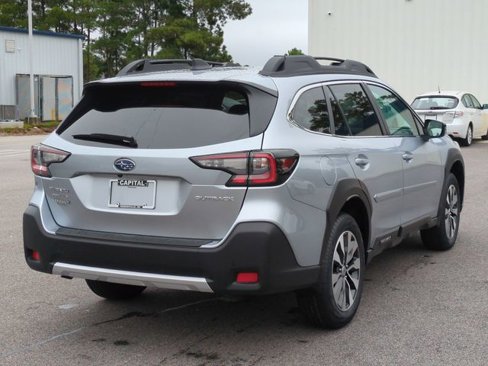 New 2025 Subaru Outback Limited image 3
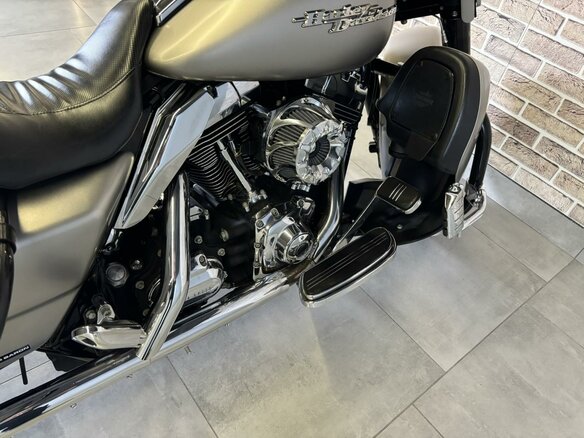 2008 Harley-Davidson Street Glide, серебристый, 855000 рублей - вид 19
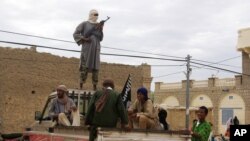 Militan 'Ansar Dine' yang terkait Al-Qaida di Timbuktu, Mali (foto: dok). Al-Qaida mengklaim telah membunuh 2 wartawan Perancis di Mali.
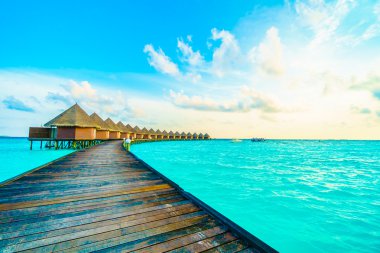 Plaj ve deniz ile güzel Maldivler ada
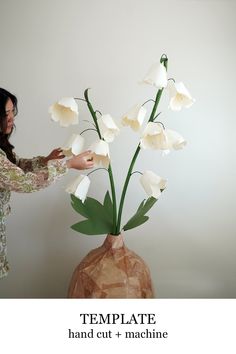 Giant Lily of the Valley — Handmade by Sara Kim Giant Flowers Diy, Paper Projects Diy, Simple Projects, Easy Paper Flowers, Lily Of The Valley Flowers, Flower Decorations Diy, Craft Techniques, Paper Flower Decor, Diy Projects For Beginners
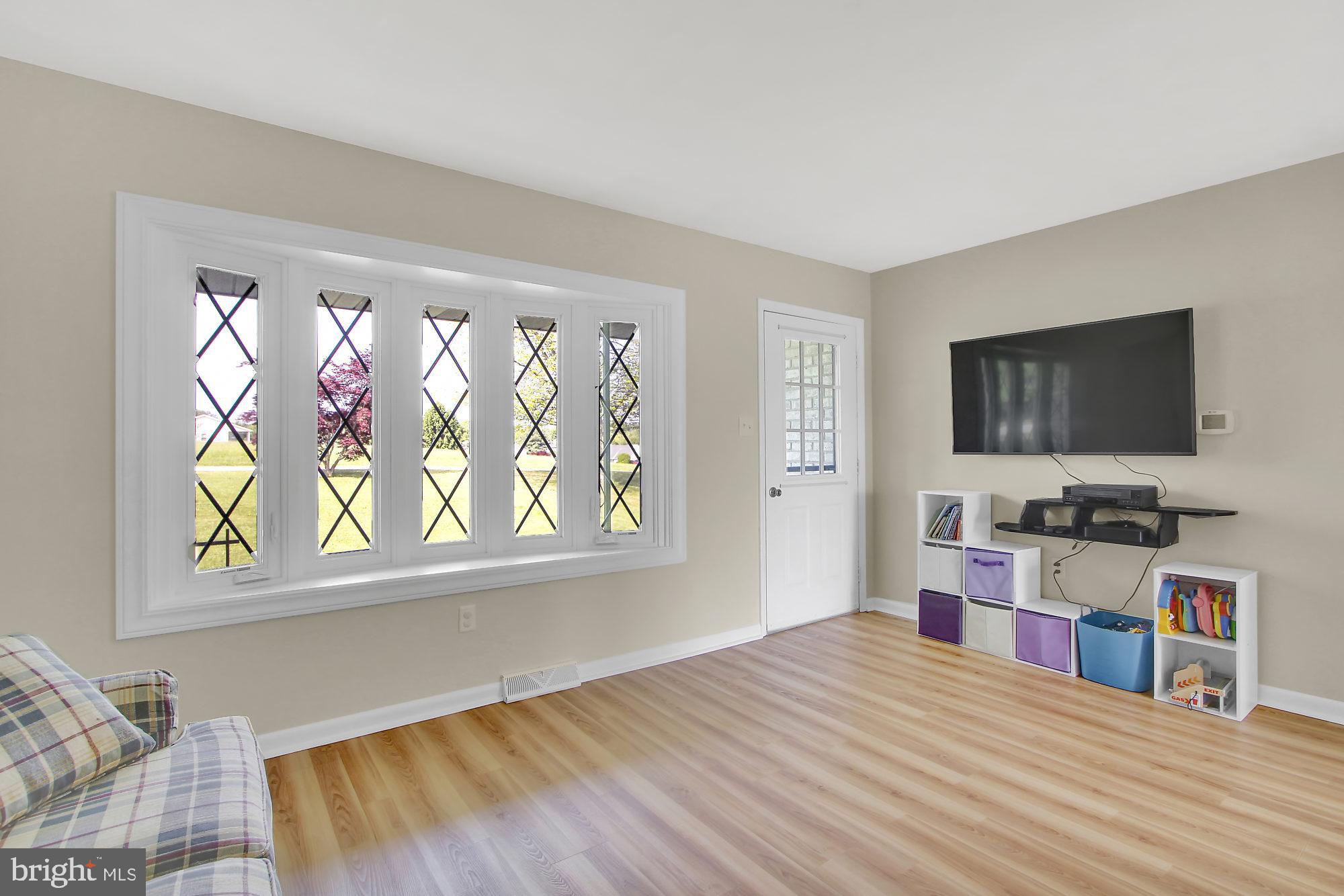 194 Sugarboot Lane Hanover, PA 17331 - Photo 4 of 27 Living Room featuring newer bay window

▸ TASK STATEMENT: Set down the material exactly as given, but print none of the pictures.

▸ FINISHED TASK:
 New 2025 Subaru Outback Limited image 3
 2008 Harley-Davidson Street Glide, серебристый, 855000 рублей - вид 19
 Militan 'Ansar Dine' yang terkait Al-Qaida di Timbuktu, Mali (foto: dok). Al-Qaida mengklaim telah membunuh 2 wartawan Perancis di Mali.
 Plaj ve deniz ile güzel Maldivler ada
 Giant Lily of the Valley — Handmade by Sara Kim Giant Flowers Diy, Paper Projects Diy, Simple Projects, Easy Paper Flowers, Lily Of The Valley Flowers, Flower Decorations Diy, Craft Techniques, Paper Flower Decor, Diy Projects For Beginners
 194 Sugarboot Lane Hanover, PA 17331 - Photo 4 of 27 Living Room featuring newer bay window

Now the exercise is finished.